__WHAT YOU NEED TO DO__.
Copy nothing but the lines from the line with "1/2Pcs Dual Color" to the end of the records, retyped exactly. Pictures stay out.
═════ DATA PROVIDED ═════
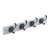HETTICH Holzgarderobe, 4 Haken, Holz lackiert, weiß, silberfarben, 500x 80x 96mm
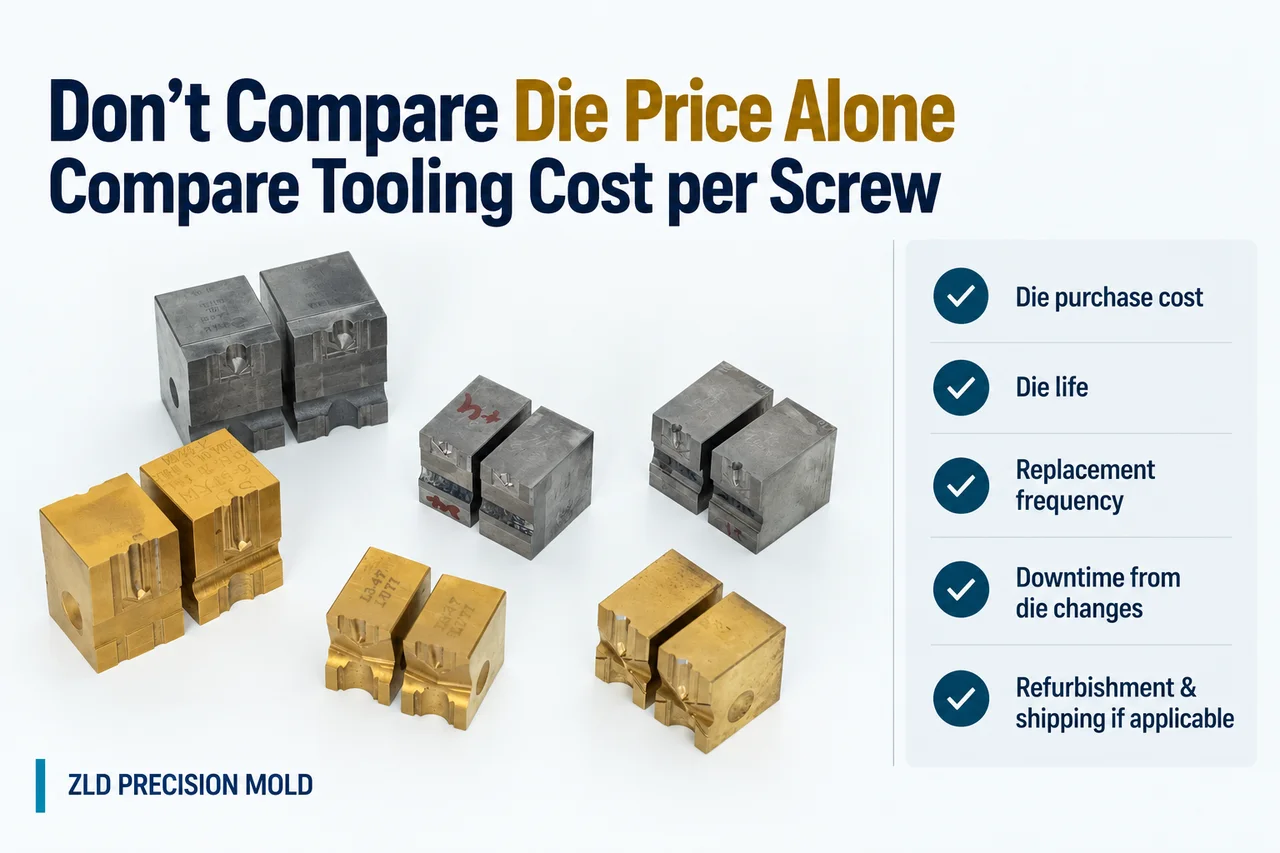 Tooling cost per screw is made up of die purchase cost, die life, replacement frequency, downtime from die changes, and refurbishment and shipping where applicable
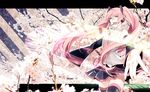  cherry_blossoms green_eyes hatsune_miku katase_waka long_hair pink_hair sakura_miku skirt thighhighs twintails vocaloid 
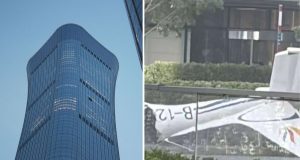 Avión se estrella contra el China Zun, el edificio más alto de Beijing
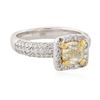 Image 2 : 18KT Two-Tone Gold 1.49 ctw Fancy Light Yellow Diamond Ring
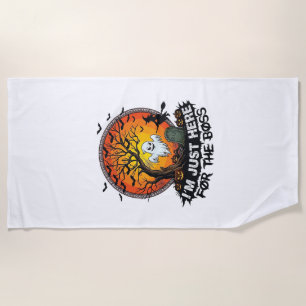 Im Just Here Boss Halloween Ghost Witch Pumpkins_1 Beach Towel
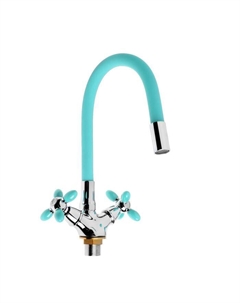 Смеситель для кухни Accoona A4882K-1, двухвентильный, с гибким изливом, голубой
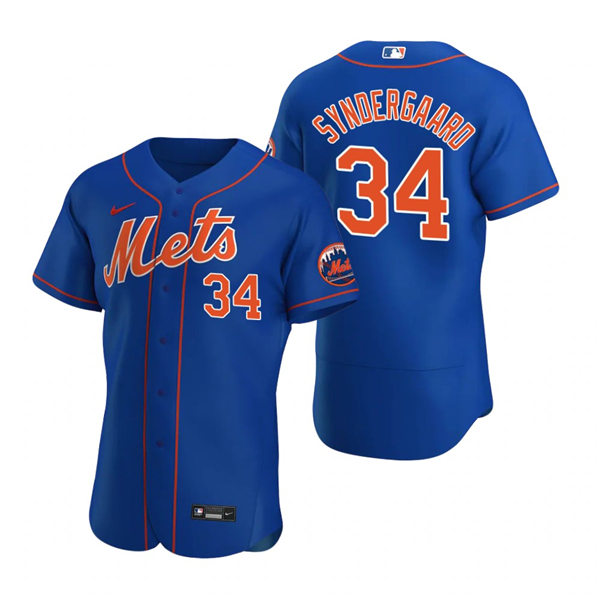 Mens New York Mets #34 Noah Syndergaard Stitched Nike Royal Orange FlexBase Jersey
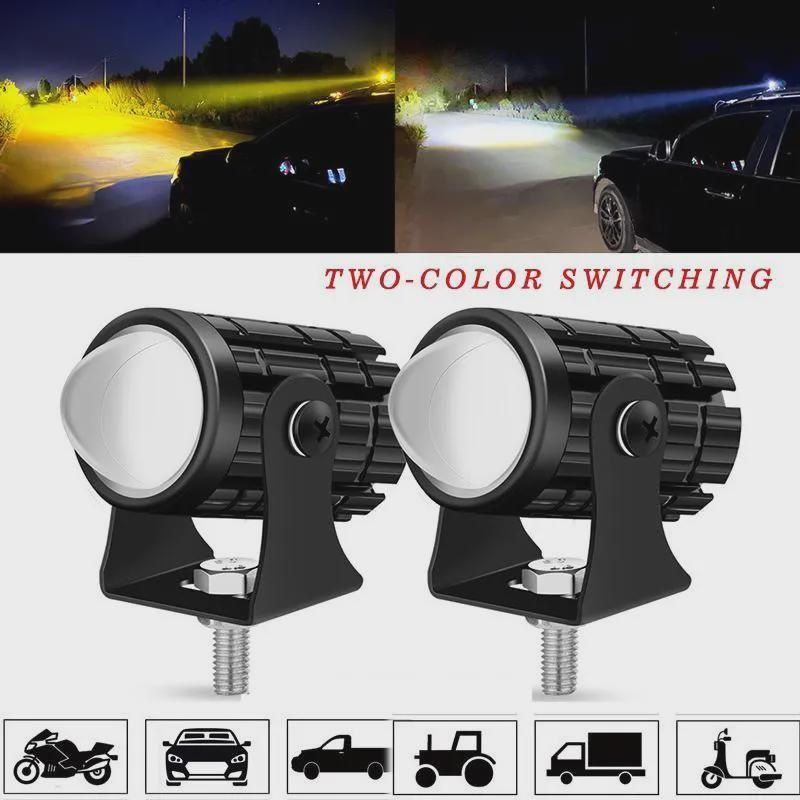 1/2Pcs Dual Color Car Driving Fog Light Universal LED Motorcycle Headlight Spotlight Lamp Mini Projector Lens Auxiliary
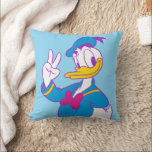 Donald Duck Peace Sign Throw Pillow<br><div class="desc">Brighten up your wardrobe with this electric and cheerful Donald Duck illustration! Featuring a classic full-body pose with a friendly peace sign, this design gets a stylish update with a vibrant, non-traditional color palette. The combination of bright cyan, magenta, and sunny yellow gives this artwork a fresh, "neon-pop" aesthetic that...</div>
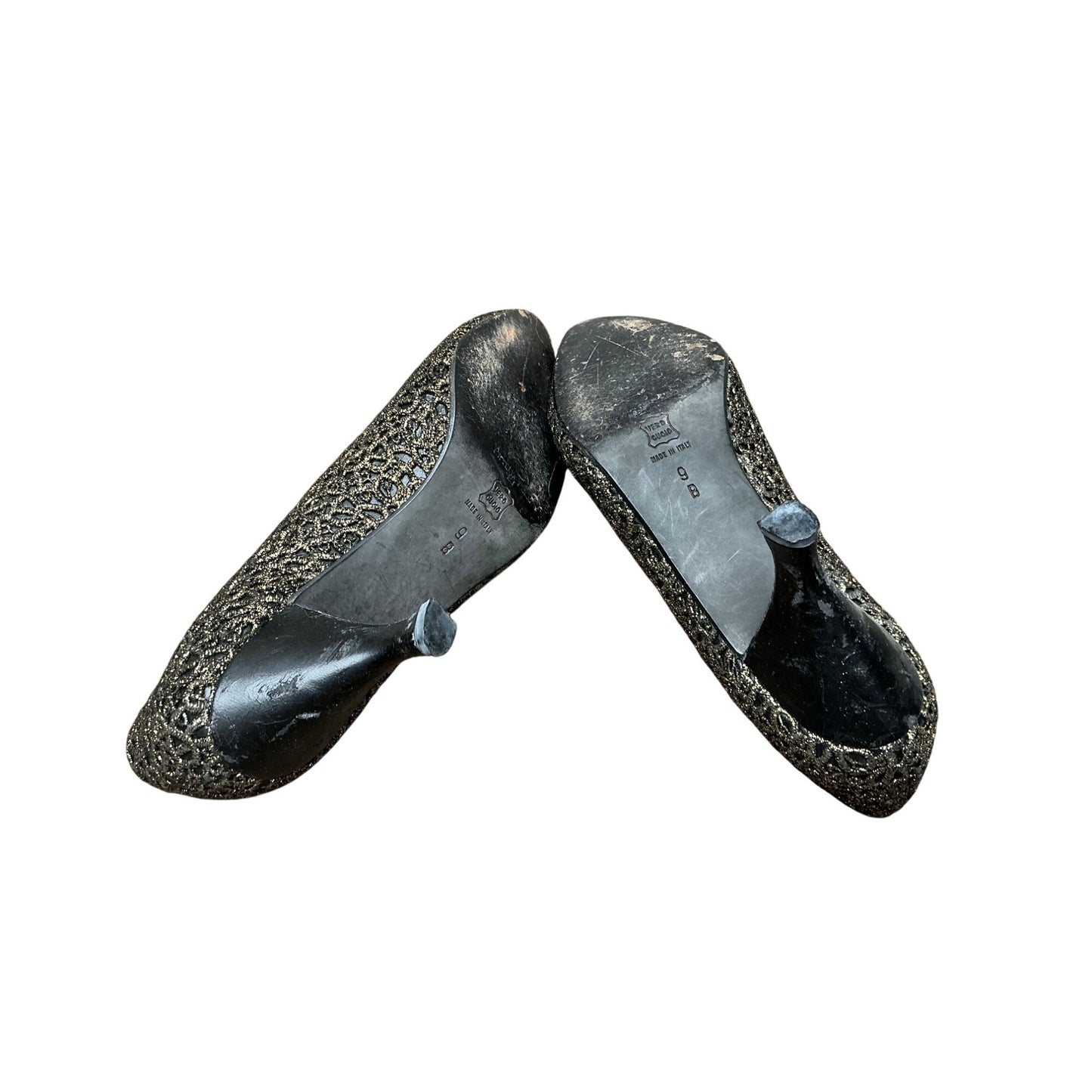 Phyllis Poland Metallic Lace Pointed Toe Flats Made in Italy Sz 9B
═════
__EXERCISE SOLUTION__.
 1/2Pcs Dual Color Car Driving Fog Light Universal LED Motorcycle Headlight Spotlight Lamp Mini Projector Lens Auxiliary
 Donald Duck Peace Sign Throw Pillow<br><div class="desc">Brighten up your wardrobe with this electric and cheerful Donald Duck illustration! Featuring a classic full-body pose with a friendly peace sign, this design gets a stylish update with a vibrant, non-traditional color palette. The combination of bright cyan, magenta, and sunny yellow gives this artwork a fresh, "neon-pop" aesthetic that...</div>
 Phyllis Poland Metallic Lace Pointed Toe Flats Made in Italy Sz 9B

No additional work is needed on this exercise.